◆ What you will do ◆
Will you write out the data exactly, excluding every picture?

◆ Provided data ◆
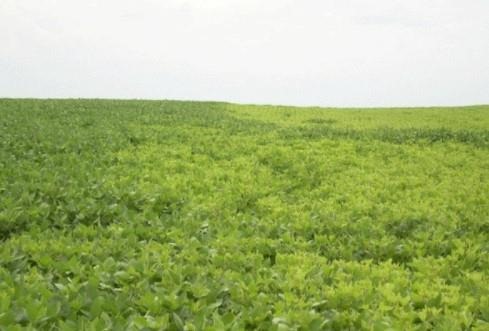 Soybean field showing signs of chlorosis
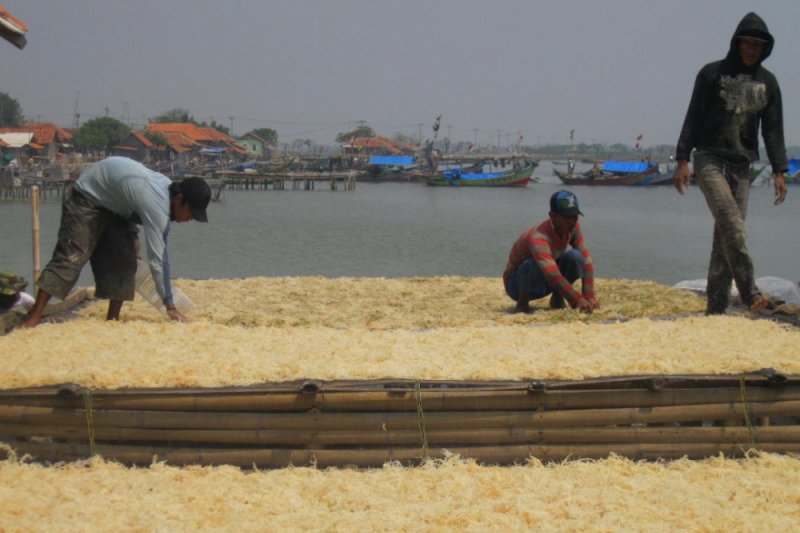 Produksi Rumput Laut Di Serang Mencapai Ribu Ton Antara News Banten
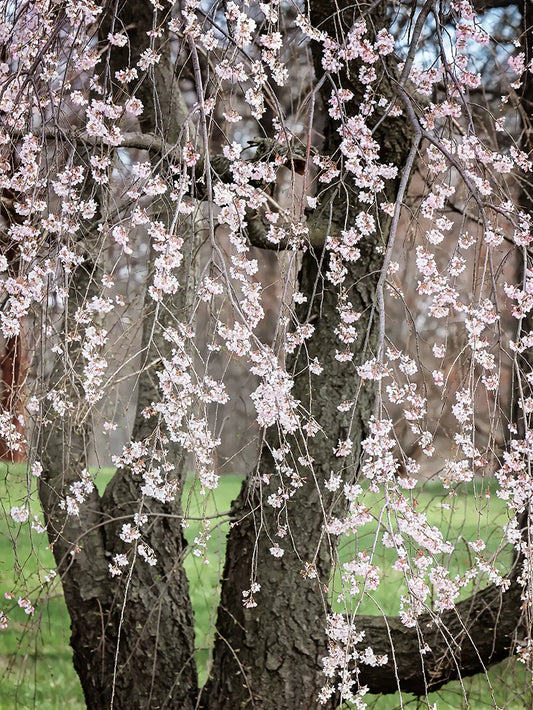 Cherry - Weeping Yoshino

◆ Solution to this task ◆
 Soybean field showing signs of chlorosis
 Produksi Rumput Laut Di Serang Mencapai Ribu Ton Antara News Banten
 Cherry - Weeping Yoshino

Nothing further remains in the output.